The Park Service maintains this cabin at the Tucki Mine in Death Valley
After camping at the Wildrose campsite on Saturday night, Penelope and I hit the road around 8 A.M. We took Emigrant Pass into Death Valley. On our way in we passed a ranger on the snow-covered road. I waved, he nodded and that was that.
Later on we discovered that the road we were on was actually closed, he was headed in to lock the gate on the other side! I'm guessing he saw our vehicle and wasn't worried. The road was beautiful. There was about six inches of snow covering the pavement and the ground was white as far as the eye could see. It was really amazing.

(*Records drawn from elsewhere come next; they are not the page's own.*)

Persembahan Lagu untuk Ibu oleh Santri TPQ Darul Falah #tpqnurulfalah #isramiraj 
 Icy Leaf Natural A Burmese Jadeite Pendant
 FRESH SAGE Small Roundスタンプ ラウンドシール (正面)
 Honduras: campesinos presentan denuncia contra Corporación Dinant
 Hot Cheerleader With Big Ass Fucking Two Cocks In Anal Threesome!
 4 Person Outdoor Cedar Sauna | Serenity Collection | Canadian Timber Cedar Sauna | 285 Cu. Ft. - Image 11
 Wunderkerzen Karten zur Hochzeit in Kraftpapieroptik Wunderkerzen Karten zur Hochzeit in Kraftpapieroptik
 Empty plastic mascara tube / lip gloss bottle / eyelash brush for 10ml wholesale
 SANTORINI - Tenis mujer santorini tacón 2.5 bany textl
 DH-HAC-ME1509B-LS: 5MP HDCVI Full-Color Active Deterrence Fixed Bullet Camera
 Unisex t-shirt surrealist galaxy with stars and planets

We took a side trip to Skidoo mine. We made it about 5 of the 10 miles when we decided to turn around. We were driving through three foot deep snow drifts on a steep, narrow mountain road with sheer cliffs off to the side. We had chains, but didn't need them as we weren't slipping at all, but I decided it just wasn't worth the risk so we turned around at a great lookout point.
Emigrant Pass is covered with snow after a big snowstorm the night before.
On our way to Death Valley, my lovely wife Penelope and I took a detour to check out the Trona Pinnacles. It was raining pretty heavily and the road was a flooded muddy mess. Our trusty FJ Cruiser handled the gooey clay beautifully.
The Trona Pinnacles jut out of the ground behind a river of muddy water in the foreground.